LAS HERRAMIENTAS DE LA PATRIA

por: Leopoldo Marechal
Buenos Aires, 1968
 

Cuando un país vive las horas genéticas de su destino, todas las actividades que contribuyen a esa inmensa "promoción de la Patria" tienen un común denominador que signa y une a los hombres lanzados a la empresa; y ese común denominador está en todos los factores de la Patria, desde un martillo a una sinfonía.

Los organizadores de la última exposición de máquinas y herramientas argentinas tuvieron sin duda esta noción cuando nos invitaron a visitar esa muestra en sus instalaciones de Palermo. Estábamos, entre otros, Ernesto Sábato, Antonio Berni, Alberto Ginastera, Astor Piazzolla y yo: las ciencias, las artes y las técnicas que representábamos nos unieron allá en una sola conciencia, la del que hacer nacional. Y todos nos entusiasmamos como niños adultos: niños en esta infancia de la Patria, y adultos en la meditación de su destino.

Por mi parte no era ciertamente ajeno a la visión de aquellas maquinarias ni al uso de aquellas herramientas. Mi padre, Alberto Marechal, fue un mecánico de excepción: toda máquina nueva se le presentaba como un desafío a su ingenio, y toda máquina enferma como una solicitud a su arte de curar los humildes robots de principios de siglo.

Fue gracias a su habilidad que, pese a nuestra digna pobreza, tuve yo en mi niñez los juguetes más insólitos, los manomóviles más raudos, los más certeros fusiles de aire comprimido y patines más voladores, obra de sus manos inquietas y de su invención que no dormía. Yo, un niño de diez años, lo ayudaba tanto a aquellas maquinaciones ingeniosas como en la reparación de relojes, máquinas de coser y otros artefactos de los vecinos, a que mi padre se daba gratuitamente por amor del arte y de sus prójimos.

Al mismo tiempo, su afición a las técnicas nacientes introdujo en el hogar la primera cámara fotográfica con su laboratorio de revelación, el primer fonógrafo a cilindros que conoció el barrio y la recuerda en la primera instalación eléctrica que sucedió gas.

Cuando el primer aviador francés llegó al país, hizo en Longchamps una exhibición de vuelo en su máquina de varillas y telas, mi padre y yo asistimos a ese milagro de volar cien metros, a cuarenta de altura; y regresamos de Longchamps con un entusiasmo que nos convirtió en aeromodelistas.
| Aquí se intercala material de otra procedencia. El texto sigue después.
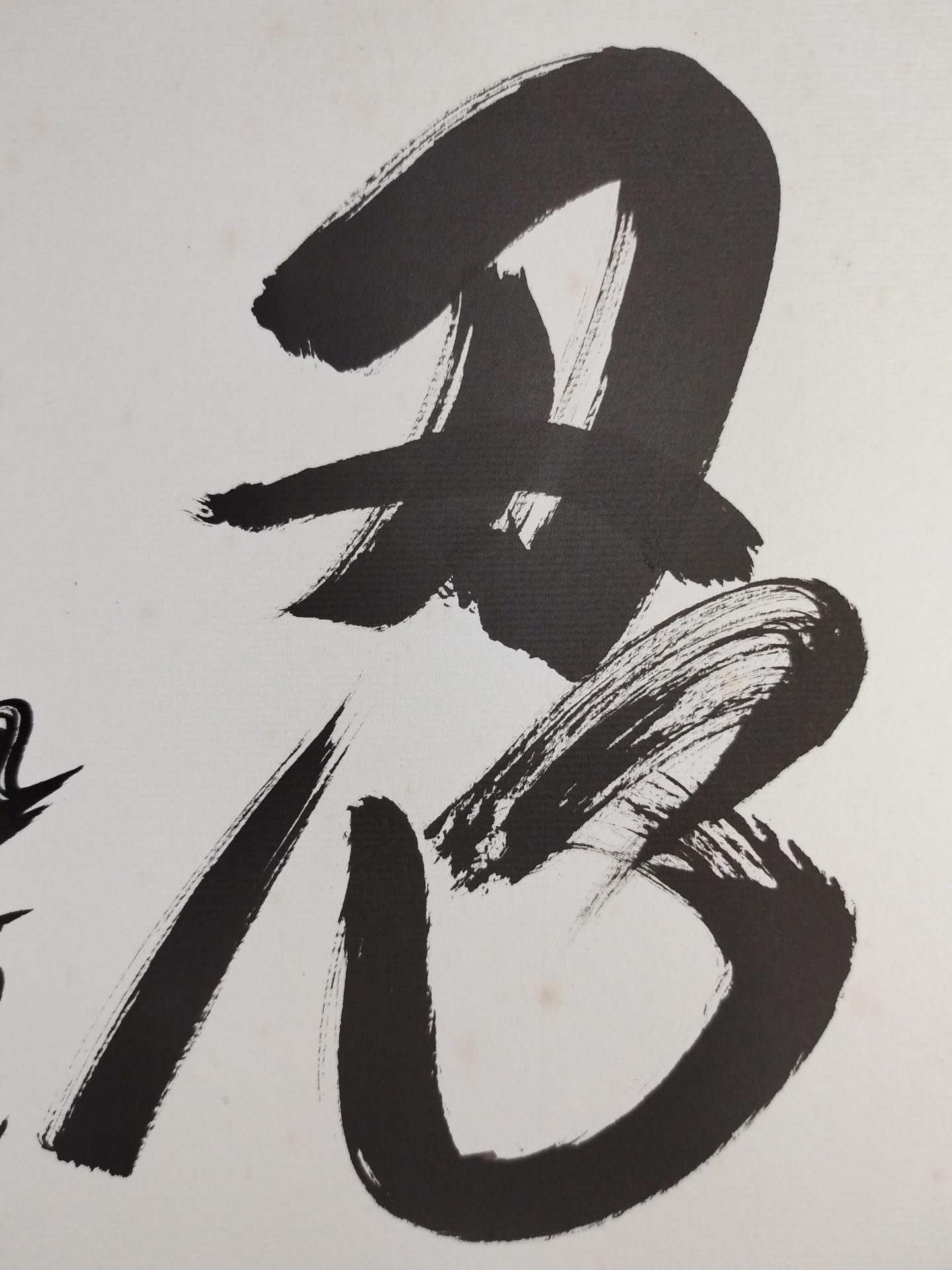 ★忍★ 九重貢(元千代の富士)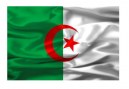 drapeau-algerie9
Construimos entonces una miniatura de biplano con su hélice, y mi padre se desveló en el problema de darle motores. Le falló un mecanismo de reloj: era excesivamente pesado. E inventó al fin un sistema de gomas de honda retorcidas, que al desenrollares nos ofreció un despegue insuficiente pero consolador.

Fue la exposición de máquinas y herramientas la que suscitó en mí esta serie de recuerdos infantiles; y me pregunté allá si los ingenieros de aquellas máquinas no serían los sucesores lógicos de mi padre, aquel oscuro y genial mecánico de Villa Crespo.
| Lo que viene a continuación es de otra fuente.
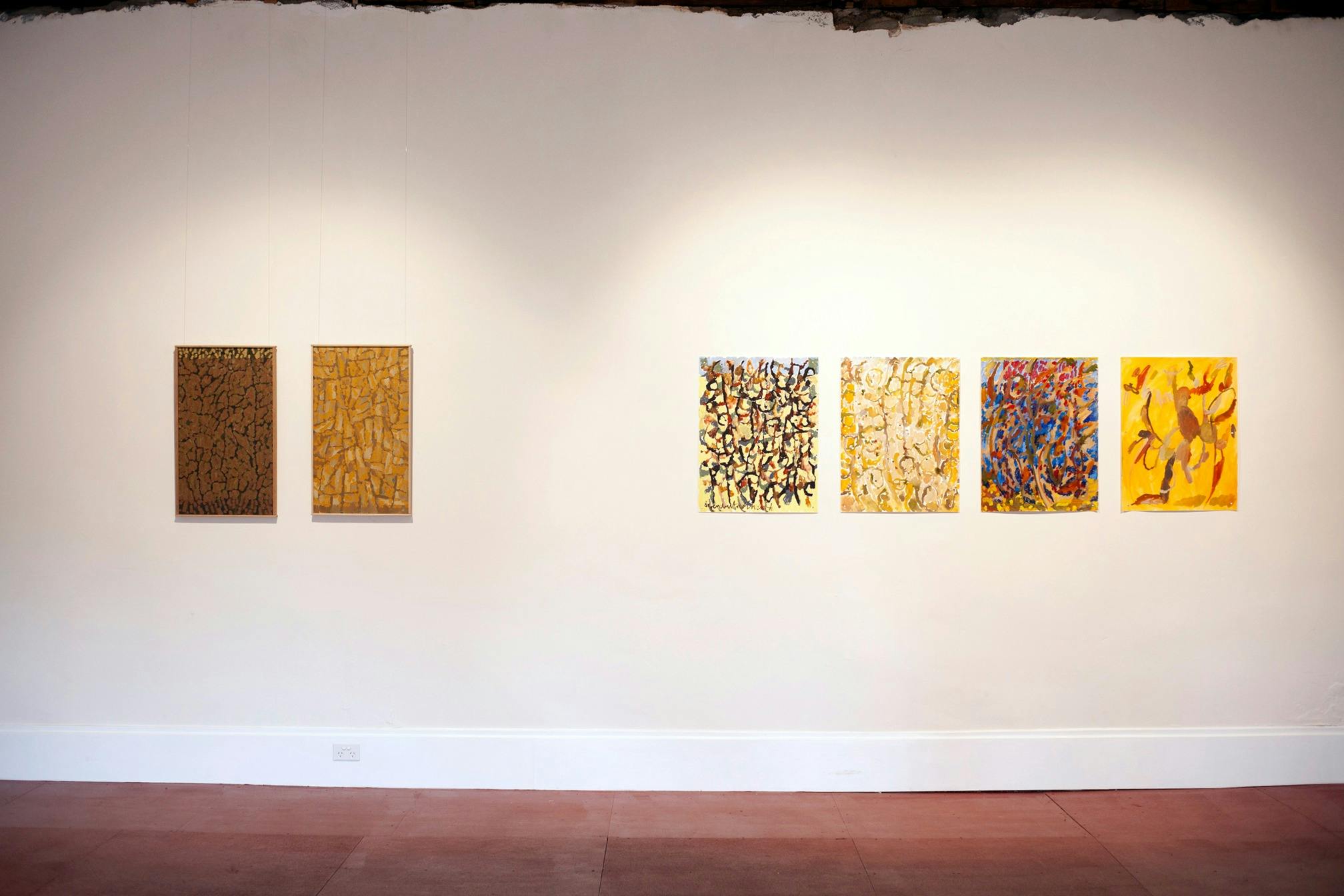 Installation view, Joshua de Gruchy: Watching a story, 21 June - 18 August 2024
Pero durante la visita, mis evocaciones continuaban en aquel orden de ideas: yo siempre fui un desvelado espía de los hechos nacientes que iban relacionándose con la Patria. Cuando realicé mi primer viaje a Europa, lo hice en un barco alemán de clase única y naturalmente bajo el pabellón de aquel país. Yo tenía veinticinco años; y durante toda la navegación, adaptándome a los usos, alimentos y costumbres germánicos, me pregunté si alguna vez me sería dado cruzar los mares bajo el pabellón nacional y entre hombres y cosas argentinos.

Más tarde, la creación de nuestra flota de ultramar satisfizo aquel deseo de mi juventud. Pero una nueva inquietud se apoderó entonces de mí: si viajaba yo bajo los colores azul y blanco de mí patria, el buque donde lo hacía era de construcción extranjera. Y al punto soñé con los futuros astilleros nacionales, instalados junto a nuestro río y nuestro mar, donde mis compatriotas armarían las grandes naves de nuestra expansión marítima.

Me digo aún que si es lícito y necesario "comprar" al extranjero nuestras maquinarias de la paz y la guerra, sería más lógico, y más de hombres, que las fabricáramos nosotros. El mejor obrero es el que maneja una herramienta de su propia factura y el mejor soldado es el que esgrime un arma templada por él mismo.

Aquella tarde, en las grandes instalaciones de Palermo, y llevado por mis nunca silenciosas
inquietudes, le pregunté a un técnico que nos acompañaba si la construcción y lanzamiento de un vehículo espacial argentino entraba en lo posible. Y me contestó, abarcando con sus ojos las criaturas de metal que llenaban el recinto: "Aquí están ya todos los elementos necesarios a esa obra".